--- EXCERPTED RECORDS ---

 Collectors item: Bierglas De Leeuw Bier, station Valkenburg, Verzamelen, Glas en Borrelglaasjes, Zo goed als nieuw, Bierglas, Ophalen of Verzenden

---
--- EXCERPTED RECORDS ---

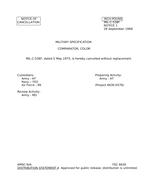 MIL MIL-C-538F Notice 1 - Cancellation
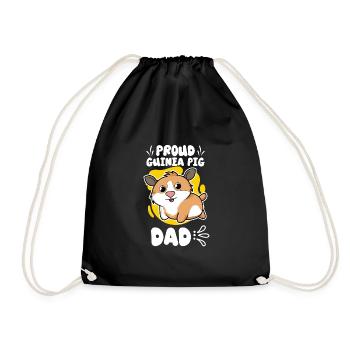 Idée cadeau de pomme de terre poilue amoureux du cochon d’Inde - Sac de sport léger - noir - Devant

---
--- EXCERPTED RECORDS ---

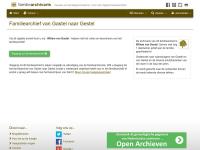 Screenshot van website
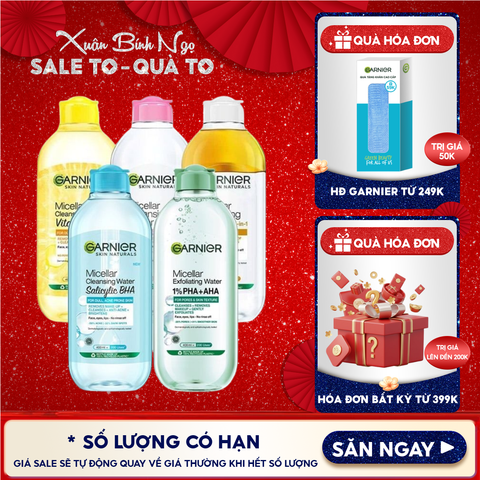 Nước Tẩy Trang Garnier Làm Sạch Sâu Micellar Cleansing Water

---

• _PROBLEM TO SOLVE_
Would you output only the span of the records above that opens with the line containing "Screenshot van website" and closes with the line containing "Nước Tẩy Trang", ends included and pictures dropped?

• _FINISHED TASK_
 Screenshot van website
 Nước Tẩy Trang Garnier Làm Sạch Sâu Micellar Cleansing Water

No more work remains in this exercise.